Die Stadt schreibt ihre Werbeverträge neu aus, die Rettung der Unterstände ist damit gescheitert. © (c) Christian Juppe

Dresden. Weil die Werbeverträge der Stadt Dresden mit den Firmen Ende 2022 auslaufen, müssen 800 Fahrgastunterstände an den Stationen der Dresdner Verkehrsbetriebe (DVB) abgerissen werden.

Seit Wochen wird darüber diskutiert. Im Stadtrat gab es einen neuen Vorstoß, den Abriss zu verhindern. Die endgültige Entscheidung fiel in nichtöffentlicher Sitzung.

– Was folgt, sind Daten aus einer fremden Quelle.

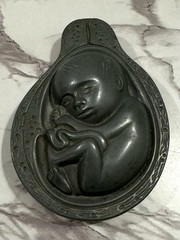 VINTAGE MEDICAL PHARMACEUTICAL PARKE-DAVIS FETAL PEWTER PAPERWEIGHT CA. 1950’s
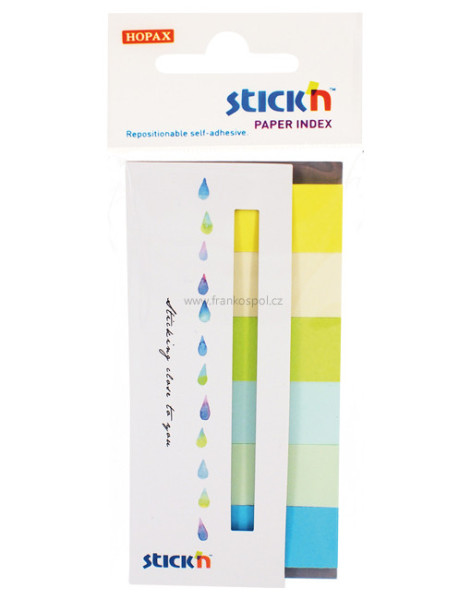 Samolepicí papírové záložky Stick'n by Hopax, 45 x 15 mm, 6 x 30 lístků, letní mix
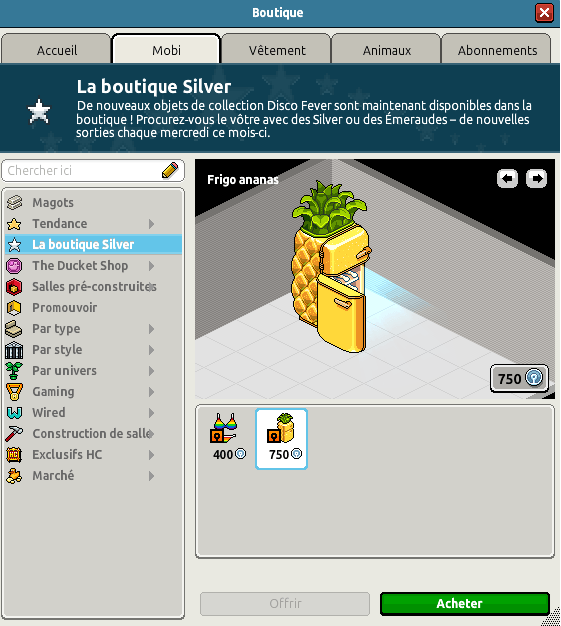 Boutique silver du catalogue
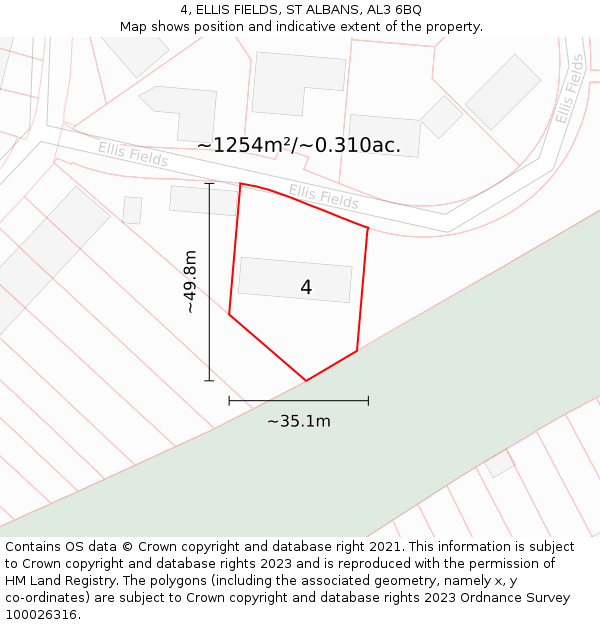 4, ELLIS FIELDS, ST ALBANS, AL3 6BQ: Plot and title map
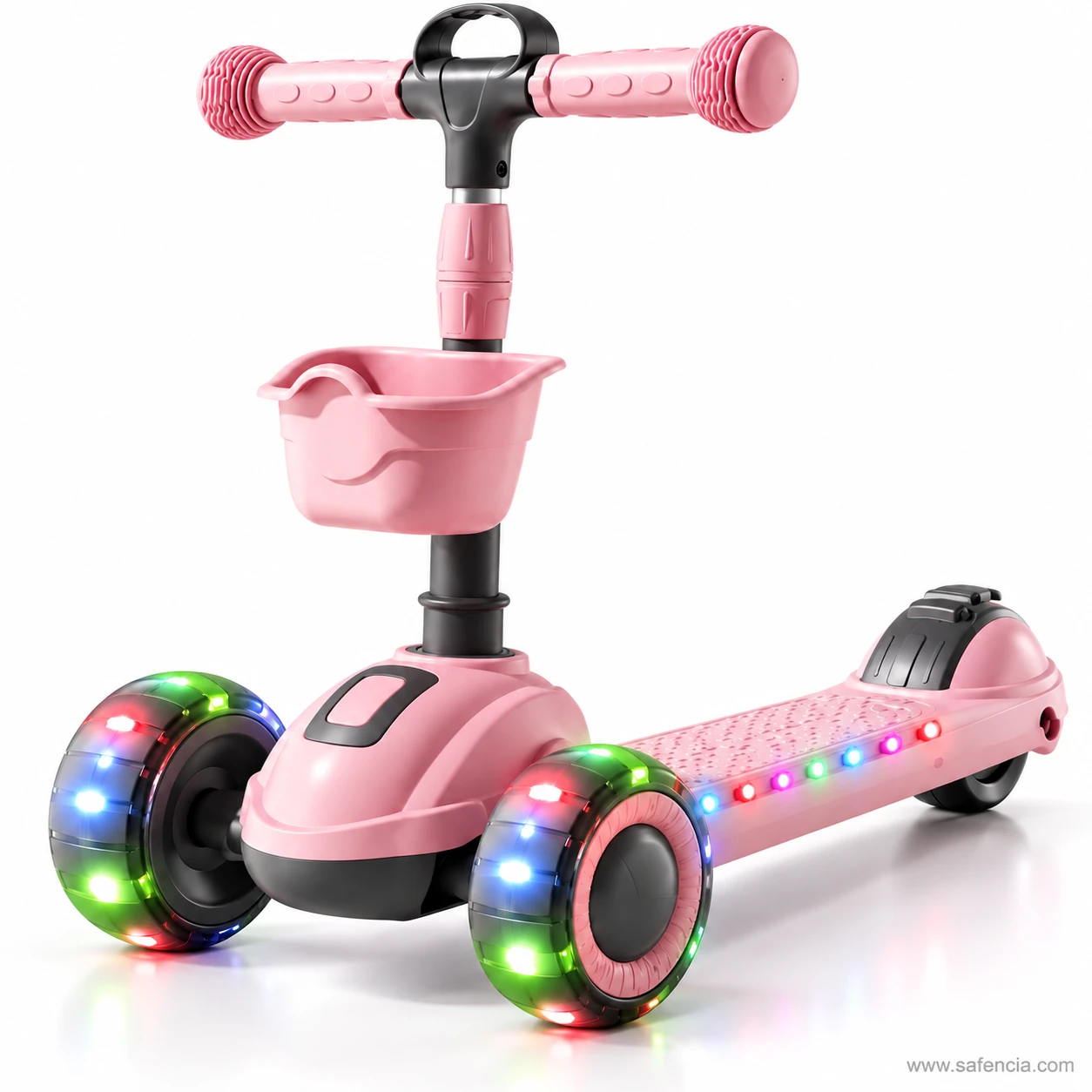 Front angle of the pink kids scooty with basket showing the carry handle and lit front wheels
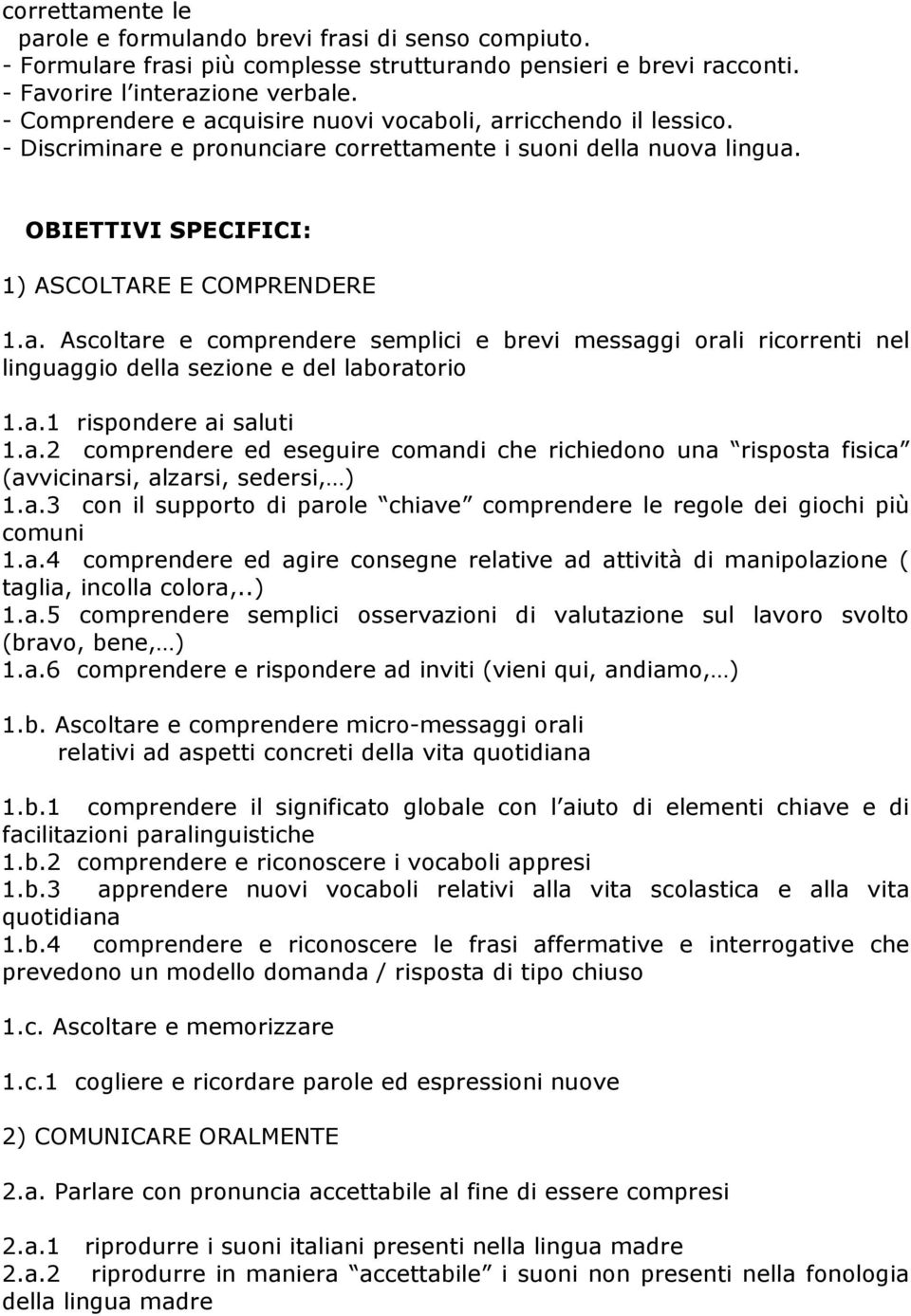 a.1 rispondere ai saluti 1.a.2 comprendere ed eseguire comandi che richiedono una risposta fisica (avvicinarsi, alzarsi, sedersi, ) 1.a.3 con il supporto di parole chiave comprendere le regole dei giochi più comuni 1.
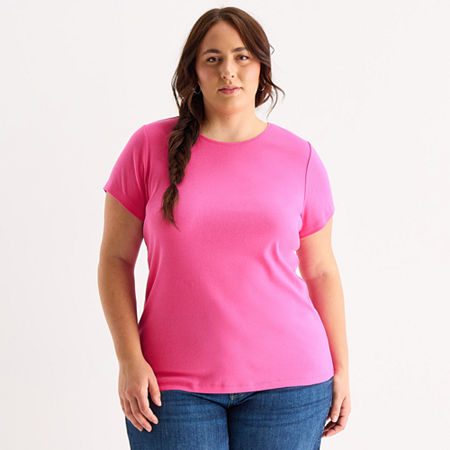 St. John's Bay Womens Plus Crew Neck Short Sleeve T-shirt In Pink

Die große Redeschlacht war einfach vorverlegt worden. Weil die Abstimmung über die Ausschreibung der Werbeverträge und die Debatte um Details in geheimer Sitzung stattfinden musste, hatte die Linke eine Aktuelle Stunde zum Thema beantragt.

Damit war zumindest dieser Teil öffentlich. Linke-Stadtrat Tilo Kießling machte nochmal deutlich, dass er für eine Trennung von Werbung und Stadtmöbeln wie den Wartehäuschen ist. Beides solle in städtischer Hand, vorzugsweise von einer Tochter, verwaltet und betrieben werden. So könne die Stadt-Tochter, bis zu fünf Millionen Euro pro Jahr Gewinn durch die Werbeeinnahmen machen.

Die AfD warf den Linken vor, sie wollen eine "Verstaatlichung" der Werbung. Der FDP-Fraktionschef sagte. "Es ist zu spät für eine Debatte." Die Zeit dränge, damit es einen geordneten Übergang der Werbeverträge gebe, die Ende Dezember 2022 enden. Dann müssten neue Auftragnehmer folgen.

Auch die CDU ist gegen einen Kauf der Wartehäuschen. Für zwei Millionen Euro hat die Firma Wall - der Werbe-Firma gehören die 800 Unterstände - angeboten, sie der Stadt zu überlassen. Im Kern gehe es aber nicht um die Wartehäuschen, sagte CDU-Fraktionschef Peter Krüger. "Wir wollen mehr Wettbewerb." Deshalb müsse nun ausgeschrieben werden. Zudem seien viele der Wartehäuschen verschlissen.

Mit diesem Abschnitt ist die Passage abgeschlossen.